18 junho, 2008

Stop. Beijos.


Há 32 anos pelas 9 da manhã, cruzei-me numa das ruas principais de Ponta Delgada com o Conservador da cidade de quem já não recordo o nome, mas de que lembro perfeitamente a figura. Era um homem envelhecido pelo álcool e era muito amigo do meu pai Virgílio com quem costumava iniciar o dia a beber gin tónico, antes que cada um deles se dirigisse ao seu local de trabalho.
Eu tinha decidido há poucos dias fazer a vontade à família e legalizar a minha união de facto. Afinal estava grávida do meu primeiro filho e sabia que seria um desgosto muito grande para a minha mãe que não estivesse casada quando ele nascesse. Por isso tinha mandado pedir os papéis necessários para o casamento e o prazo para o fim do decorrer dos "banhos" estava longe. O meu querido Virgílio fazia anos nesse dia. E o Conservador passou por mim e disse-me, casas hoje às 4 da tarde. Assim. Sem mais nem menos.
Qualquer mulher ficaria com certeza bem atrapalhada numa situação destas. Afinal é o dia com que a maioria das raparigas sonha. Entrei no Gil, onde o meu pai Virgílio costumava iniciar o dia com o seu amigo e demos-lhe a novidade. Ficou encantado, puxou da carteira e disse-me vai comprar um vestido bem bonito. Recusei a oferta. Não me sentia noiva, não queria casar de noiva, para mim aquele era um dia igual a todos os outros com a diferença de que teria que entrar na Conservatória às 4 da tarde, acompanhada do meu companheiro e duas testemunhas para assinar uns papéis que fariam de mim a senhora "fulana de tal".
Mas para o Virgílio o dia era de festa. Fazia anos, casava o filho com uma rapariga que ele considerava filha de todo o coração e que o amava da mesma maneira.
Por isso contactou logo um amigo que tinha a mania da fotografia e era Capitão. O capitão Alves que também gostava assim de uns copinhos que lhe alegrassem a vida. Decidiu dar um almoço comemorativo, para quem convidou para além dos já citados, o jornalista César Camacho (já falecido) que se encontrava então na cidade para fazer umas reportagens sobre os Açores. Eu gostava muito dele, conversávamos imenso e achava-o um homem encantador. Por isso ficou decidido que ele seria, juntamente com o nosso amigo Fritz testemunha do acto.
Pouco antes das 4 da tarde estava com o meu companheiro e o Fritz dentro do carro que este alugara, na marginal de Ponta Delgada. Na rádio começou a tocar "Fernando" dos Abba.
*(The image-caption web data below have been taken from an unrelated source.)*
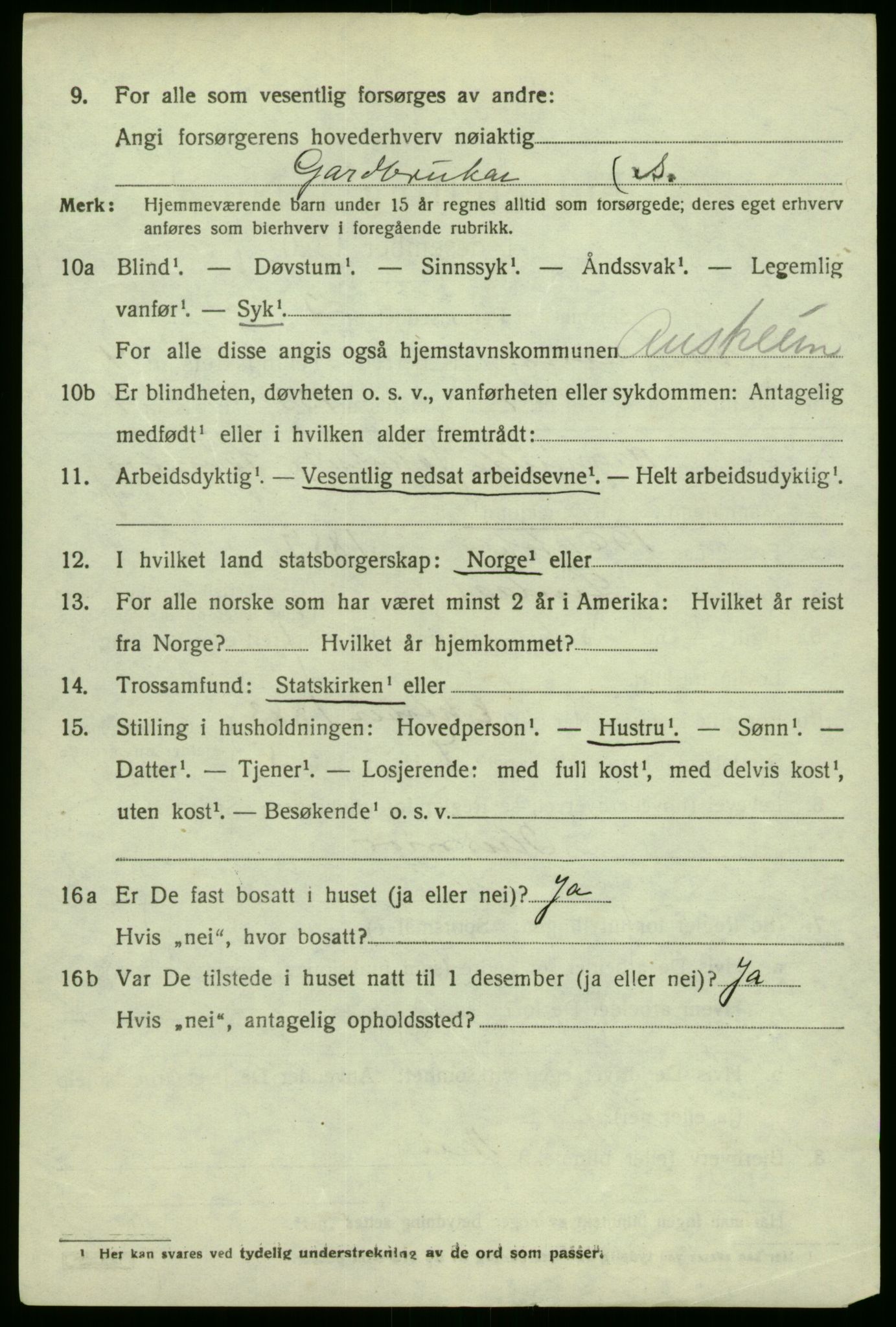 SAB, 1920 census for Austrheim, 1920, p. 1773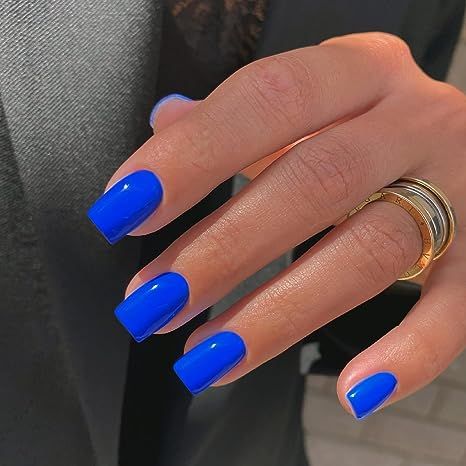Blue Nail, Acrylics, Square Gel Nails, Simple Gel Nails, Coffin Acrylic Nails, Acrylic Nails For Summer, Square Acrylic Nails, Coffin Nails Short, Short Square Acrylic Nails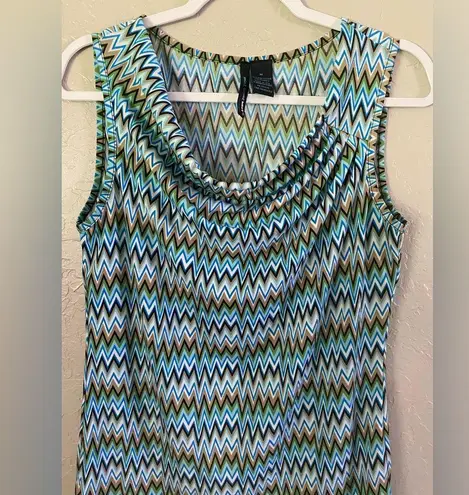 Saint Tropez West Cowl Neck Top Size Medium Geometric Pattern Career Top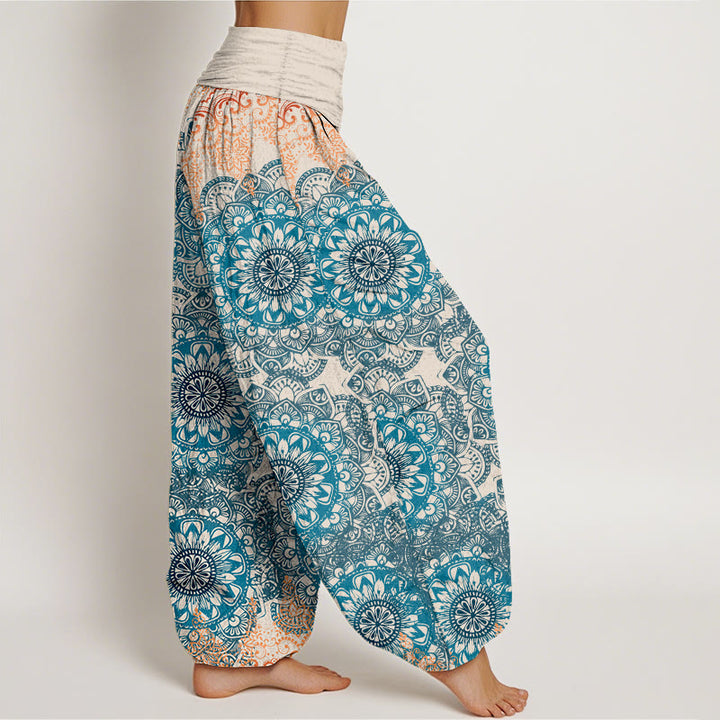 Buddha Stones Pure Cotton Triangular Mandala Patterns Women's Elastic Waist Harem Pants - image 6
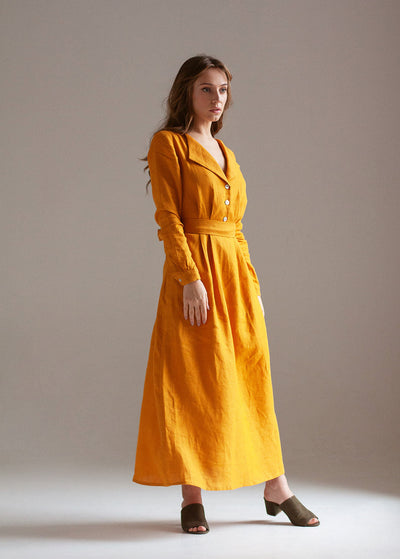 "Tristan" Mustard Yellow Linen Maxi Dress with buttons
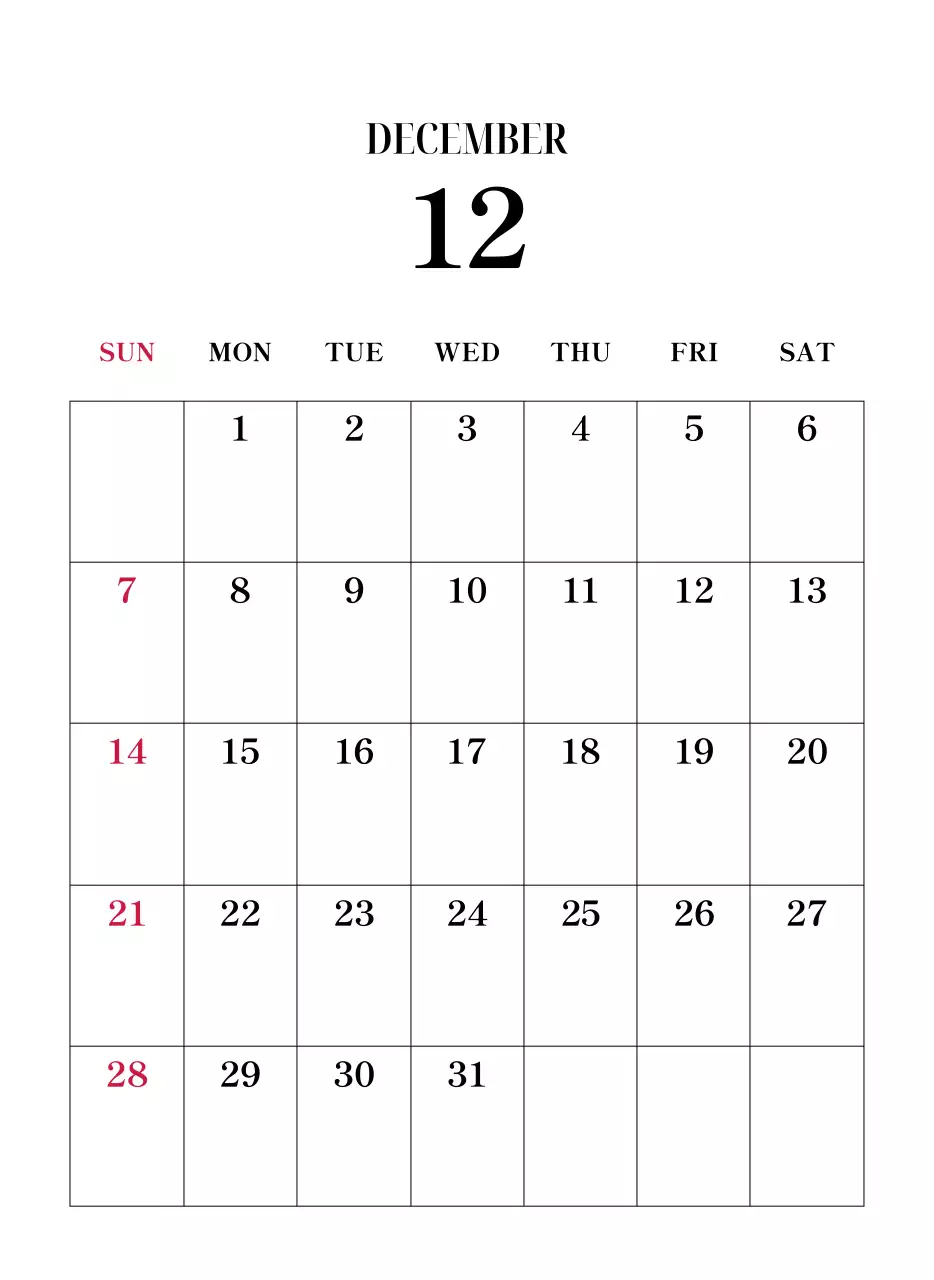 黒と白のシンプルな花写真2025年版カレンダー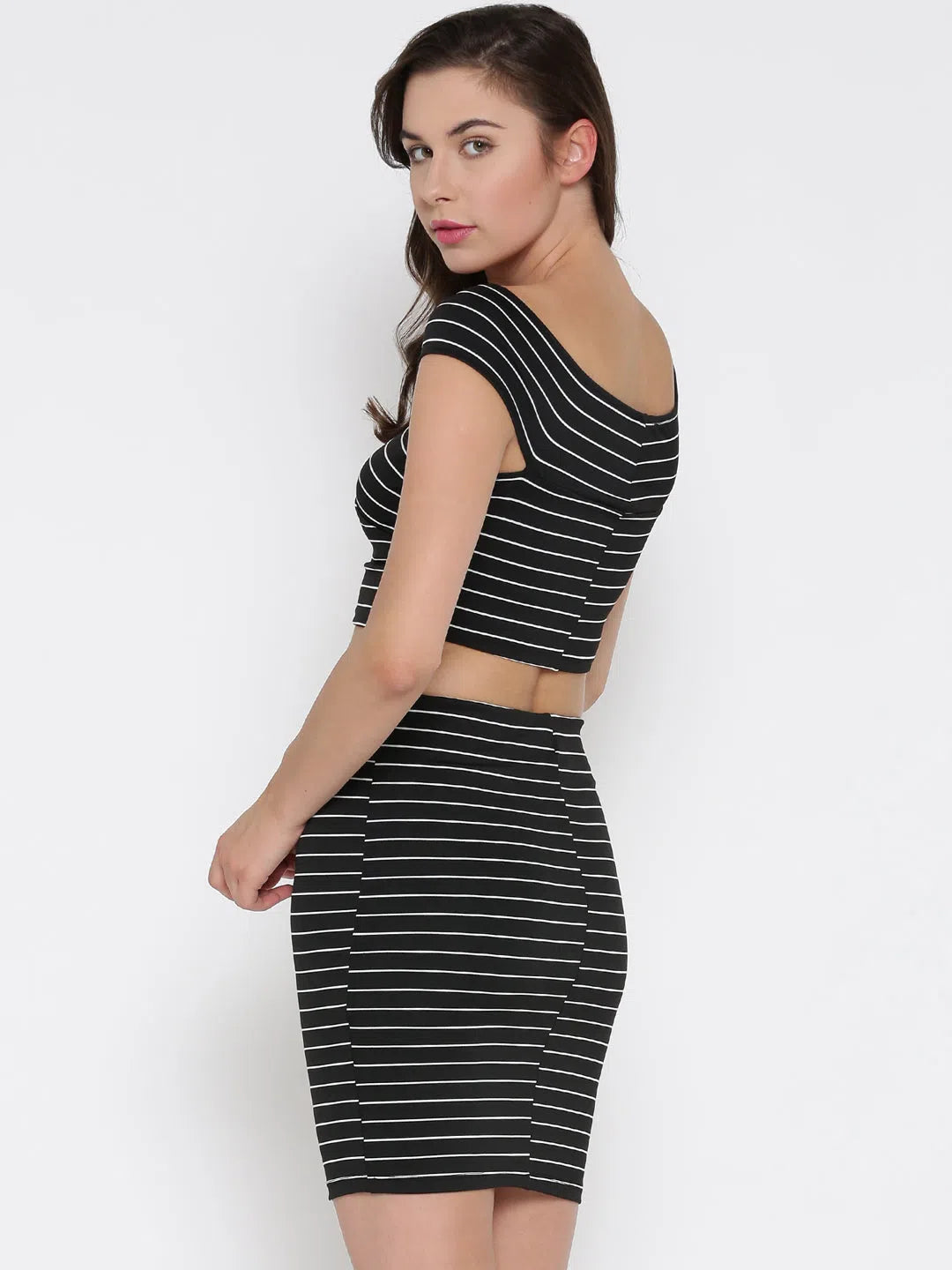 Women's Peter Pan Collar DressesBlack Striped Bandage Bardot Bodycon Co-Ordinate Dress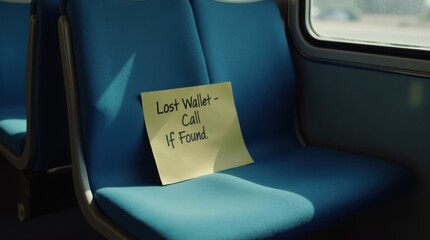 Driver's note for lost wallet on public transportation seat urban environment informative content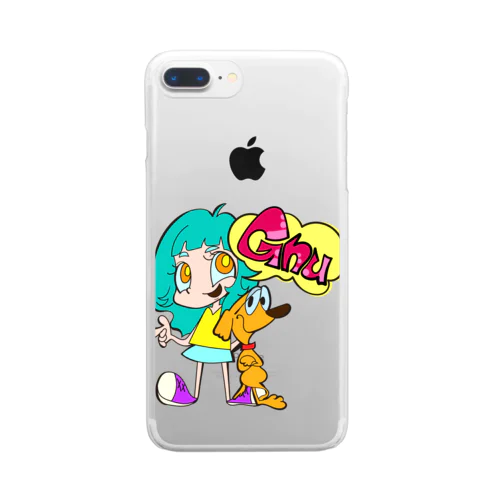 Gnuとフリビ犬 Clear Smartphone Case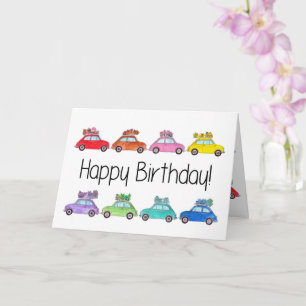 Tarjeta Cumpleaños de Retro Fiat 500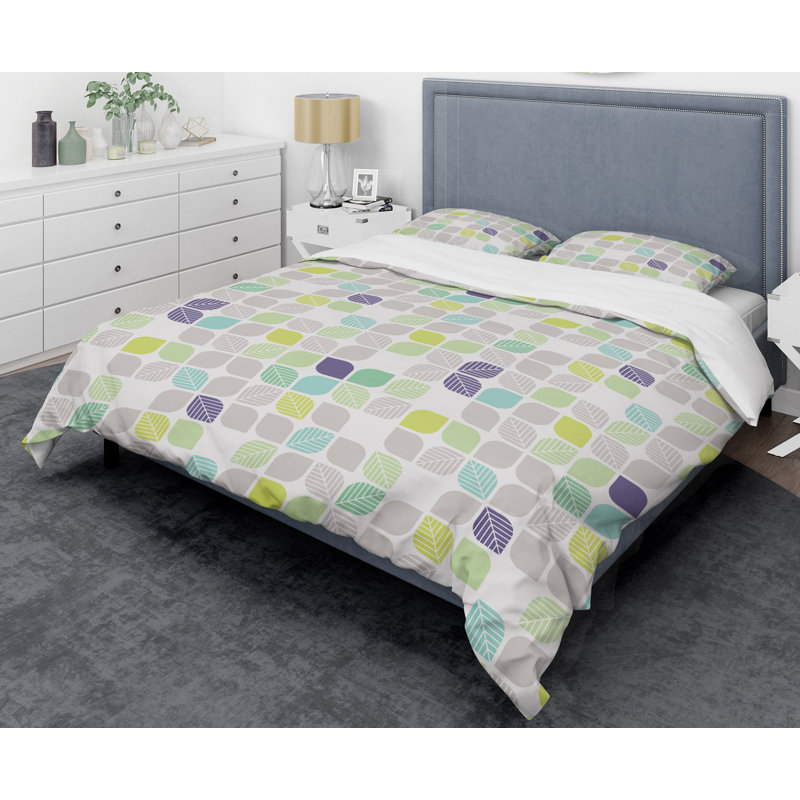  Ensemble de housse de couette avec feuilles Mid-Century, Housse simple + 1 taie décorative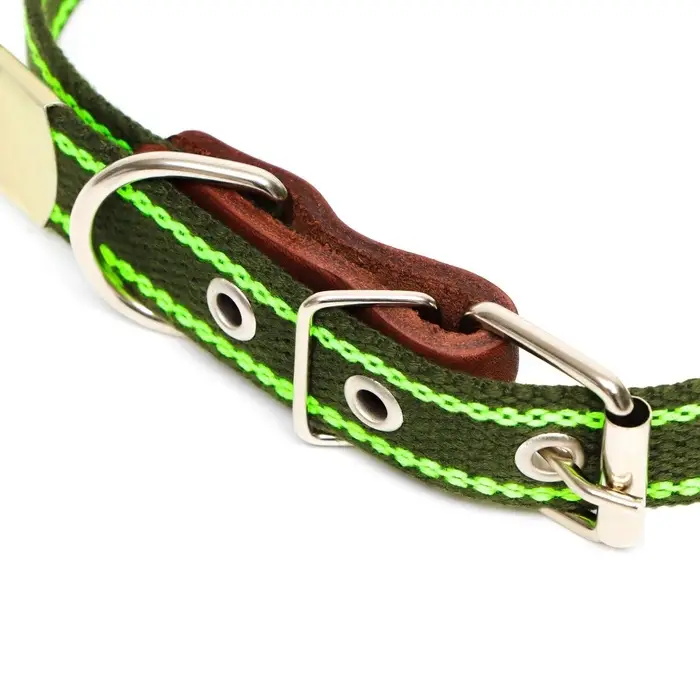 Ошейник брезентовый однослойный, безразмерный, 57&times;2.5 см, ОШ 25-45 см, хаки, зелёный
As lágrimas vieram-me aos olhos, porque eu não ia casar por amor mas para fugir de um amor chamado Fernando.
A cerimónia foi rápida. O Alves não apareceu porque tinha bebido demais ao almoço. Tenho assim a honra de informar que não existe uma só fotografia para recordar aquele dia desastroso que o César classificou como o único casamento de verdade a que tinha assistido. Eu apresentei-me de calças de ganga e uma túnica que tinha comprado numa viagem a Marrocos. O meu companheiro com a roupa de todos os dias acho... francamente não me lembro. Tenho até dificuldade de me lembrar das suas feições. Mas ele sim, também estava feliz... Foi o que aconteceu há 32 anos... e hoje como não sabia do que falar decidi contar um pouco mais das minhas estórias.
Ah! já me esquecia... quando saí da Conservatória passei pelos Correios e enviei um telegrama aos meus pais que dizia "acabo de casar. stop. beijos"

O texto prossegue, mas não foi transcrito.